In this section, we will conduct a descriptive analysis of the labs financial dataset. Furthermore, we will apply some necessary pre-processing steps to train a deep neural network. The lab is based on a derivation of the **"Synthetic Financial Dataset For Fraud Detection"** by Lopez-Rojas [6] available via the Kaggle predictive modelling and analytics competitions platform that can be obtained using the following link: https://www.kaggle.com/ntnu-testimon/paysim1.

Let's start loading the dataset and investigate its structure and attributes:

## Importing the Dataset

In [None]:
log()

# load the dataset into the notebook kernel
ori_dataset = pd.read_csv('../data/fraud_dataset_v2.csv')
# inspect the datasets dimensionalities
print(F'Transactional dataset of {ori_dataset.shape[0]} rows and {ori_dataset.shape[1]} columns loaded')

# EXPLORATORY DATA ANALYSIS

We augmented the dataset and renamed the attributes to appear more similar to a real-world dataset that one usually observes in SAP-ERP systems as part of SAP's Finance and Cost controlling (FICO) module. 

The dataset contains a subset of in total 7 categorical and 2 numerical attributes available in the FICO BKPF (containing the posted journal entry headers) and BSEG (containing the posted journal entry segments) tables. Please, find below a list of the individual attributes as well as a brief description of their respective semantics:

>- `BELNR`: the accounting document number,
>- `BUKRS`: the company code,
>- `BSCHL`: the posting key,
>- `HKONT`: the posted general ledger account,
>- `PRCTR`: the posted profit center,
>- `WAERS`: the currency key,
>- `KTOSL`: the general ledger account key,
>- `DMBTR`: the amount in local currency,
>- `WRBTR`: the amount in document currency.

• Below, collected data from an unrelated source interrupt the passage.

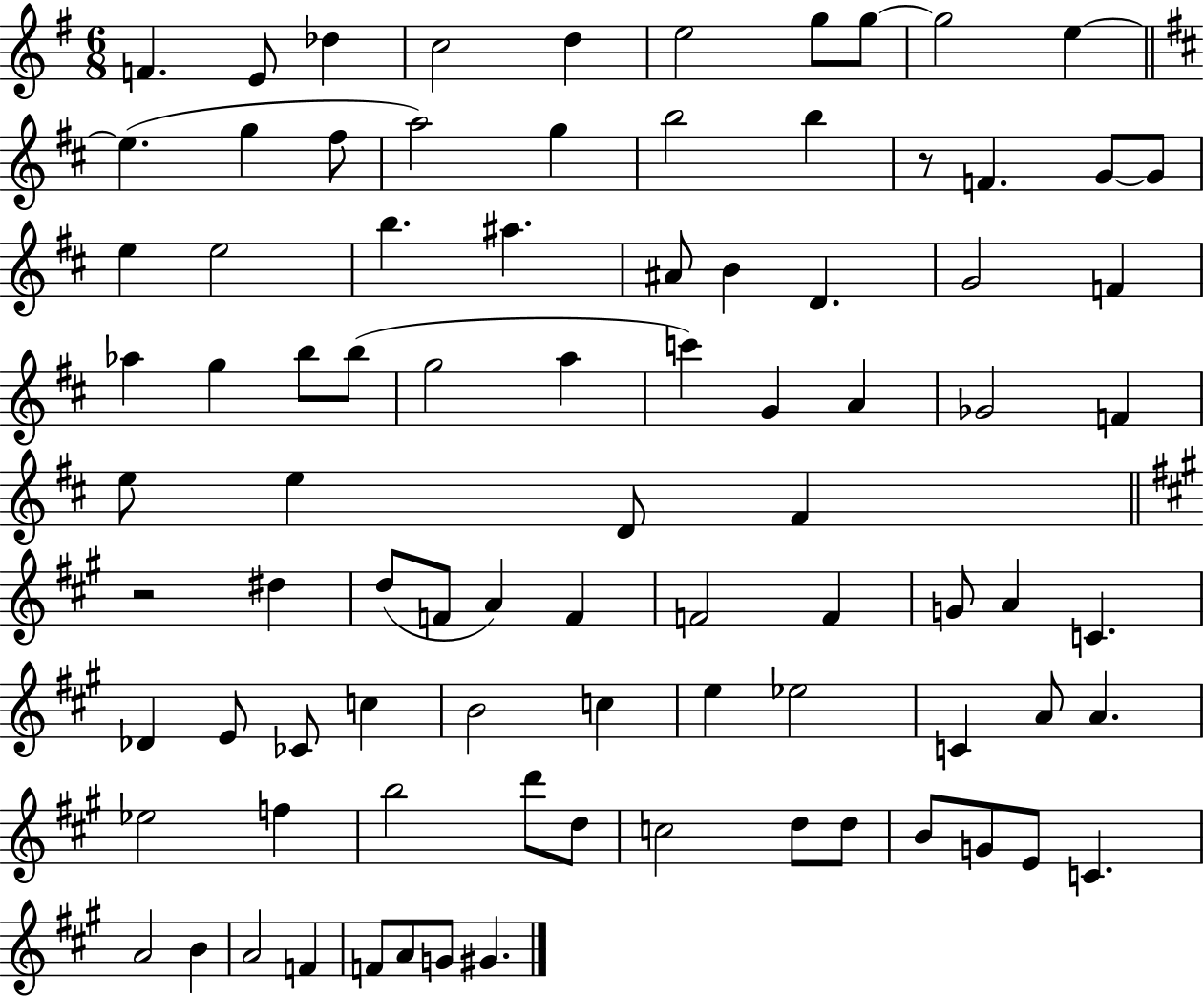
{
  \clef treble
  \numericTimeSignature
  \time 6/8
  \key g \major
  f'4. e'8 des''4 | c''2 d''4 | e''2 g''8 g''8~~ | g''2 e''4~~ | \break \bar "||" \break \key d \major e''4.( g''4 fis''8 | a''2) g''4 | b''2 b''4 | r8 f'4. g'8~~ g'8 | \break e''4 e''2 | b''4. ais''4. | ais'8 b'4 d'4. | g'2 f'4 | \break aes''4 g''4 b''8 b''8( | g''2 a''4 | c'''4) g'4 a'4 | ges'2 f'4 | \break e''8 e''4 d'8 fis'4 | \bar "||" \break \key a \major r2 dis''4 | d''8( f'8 a'4) f'4 | f'2 f'4 | g'8 a'4 c'4. | \break des'4 e'8 ces'8 c''4 | b'2 c''4 | e''4 ees''2 | c'4 a'8 a'4. | \break ees''2 f''4 | b''2 d'''8 d''8 | c''2 d''8 d''8 | b'8 g'8 e'8 c'4. | \break a'2 b'4 | a'2 f'4 | f'8 a'8 g'8 gis'4. | \bar "|."
}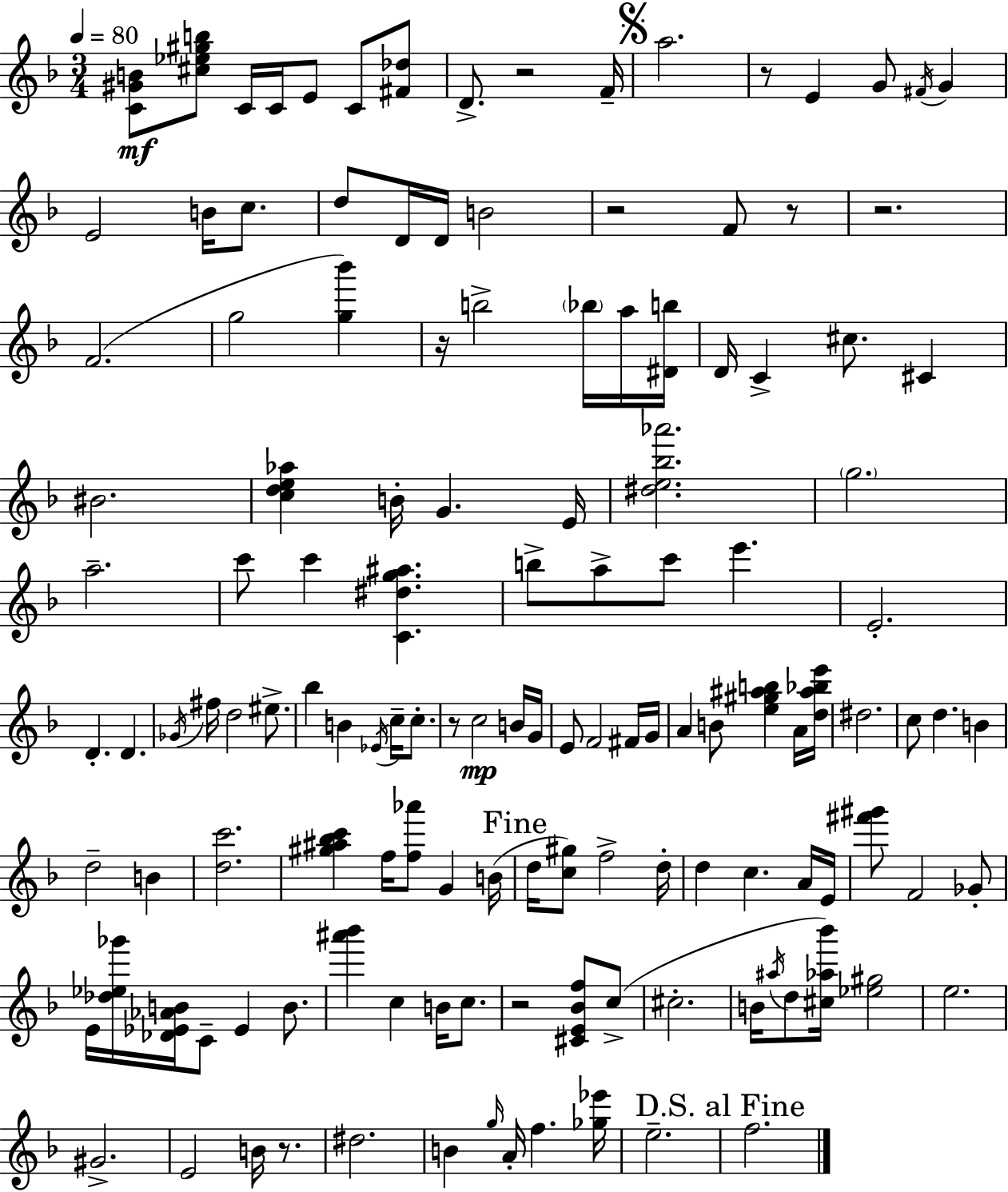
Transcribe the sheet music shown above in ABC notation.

X:1
T:Untitled
M:3/4
L:1/4
K:Dm
[C^GB]/2 [^c_e^gb]/2 C/4 C/4 E/2 C/2 [^F_d]/2 D/2 z2 F/4 a2 z/2 E G/2 ^F/4 G E2 B/4 c/2 d/2 D/4 D/4 B2 z2 F/2 z/2 z2 F2 g2 [g_b'] z/4 b2 _b/4 a/4 [^Db]/4 D/4 C ^c/2 ^C ^B2 [cde_a] B/4 G E/4 [^de_b_a']2 g2 a2 c'/2 c' [C^dg^a] b/2 a/2 c'/2 e' E2 D D _G/4 ^f/4 d2 ^e/2 _b B _E/4 c/4 c/2 z/2 c2 B/4 G/4 E/2 F2 ^F/4 G/4 A B/2 [e^g^ab] A/4 [d^a_be']/4 ^d2 c/2 d B d2 B [dc']2 [^g^a_bc'] f/4 [f_a']/2 G B/4 d/4 [c^g]/2 f2 d/4 d c A/4 E/4 [^f'^g']/2 F2 _G/2 E/4 [_d_e_g']/4 [_D_E_AB]/4 C/2 _E B/2 [^a'_b'] c B/4 c/2 z2 [^CE_Bf]/2 c/2 ^c2 B/4 ^a/4 d/2 [^c_a_b']/4 [_e^g]2 e2 ^G2 E2 B/4 z/2 ^d2 B g/4 A/4 f [_g_e']/4 e2 f2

Let's also have a closer look into the top 10 rows of the dataset:

## Data Attributes

In [None]:
# inspect top rows of dataset
log()
ori_dataset.head(3)

You may also have noticed the attribute `label` in the data. We will use this field throughout the lab to evaluate the quality of our trained models. The field describes the true nature of each individual transaction of either being a **regular** transaction (denoted by `regular`) or an **anomaly** (denoted by `global` and `local`). Let's have closer look into the distribution of the regular vs. anomalous transactions in the dataset:

In [None]:
log()
# Display object type and values for each feature
display(Markdown(f'<b>{ori_dataset.columns[9]}</b> - {ori_dataset.label.dtype}'))
display(Markdown(f'Values:'))
print(f'{ori_dataset.label.value_counts(normalize=True)}\n')
print()
n_nan = ori_dataset.label.isnull().sum()
if n_nan > 0:
    print(f'{ori_dataset.label} has {n_nan} NaNs')

In [None]:
log()
# plot distribution of feature
plt.figure(figsize=(16,9))
sns.countplot(ori_dataset.label)

In [None]:
log()
# number of anomalies vs. regular transactions
ori_dataset.label.value_counts()

In [None]:
log()
# number of anomalies vs. regular transactions
ori_dataset.label.value_counts(normalize = True)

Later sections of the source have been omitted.